Labor Department, ABA Join on Lawyer Referral
California lawyer Sheldon Warren believes the advantages of the ABA’s approved lawyer referral program go two ways.
Consumers benefit from being linked to lawyers with experience to handle their legal problems, says Warren, a Long Beach lawyer and chair of the ABA Standing Committee on Lawyer Referral & Information Service. And the profession’s image benefits from satisfied clients.
“I’ll tell you what,” Warren says. “Folks who go through lawyer referral services and get help when they have a problem—they’re not the ones who joke about lawyers.”
Warren is applauding a new collaboration between the ABA and the U.S. Labor Department’s Wage and Hour Division that will bring more clients to legal referral services.
As of Dec. 13, some workers with complaints not resolved by the Labor Department have another option: Find a lawyer through the ABA-approved lawyer referral program.
Warren traveled to Washington, D.C., for the Nov. 19 announcement by Vice President Joe Biden. ABA President-elect Wm.
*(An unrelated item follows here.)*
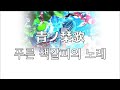 킁킁.. 이제 여름 냄새가 나! FantasticYouth X 월피스카터(ウォルピスカーター)- 푸른 책갈피의 노래 (青ノ栞歌)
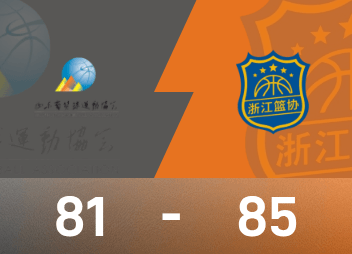 Relatório do jogo de basquete masculino dos Jogos Nacionais: Yu Jiahao fez 18 pontos e 9 rebotes, Zhejiang venceu o Shandong por pouco por 85-81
T. (Bill) Robinson III also spoke at the news conference, praising the new venture as “an exciting day for the American Bar Association.” Robinson is the member in charge of the Florence, Ky., office of Frost Brown Todd.
In a typical year, more than 35,000 workers contact the Labor Department’s Wage and Hour Division with complaints. Thousands can’t be resolved because of limited capacity.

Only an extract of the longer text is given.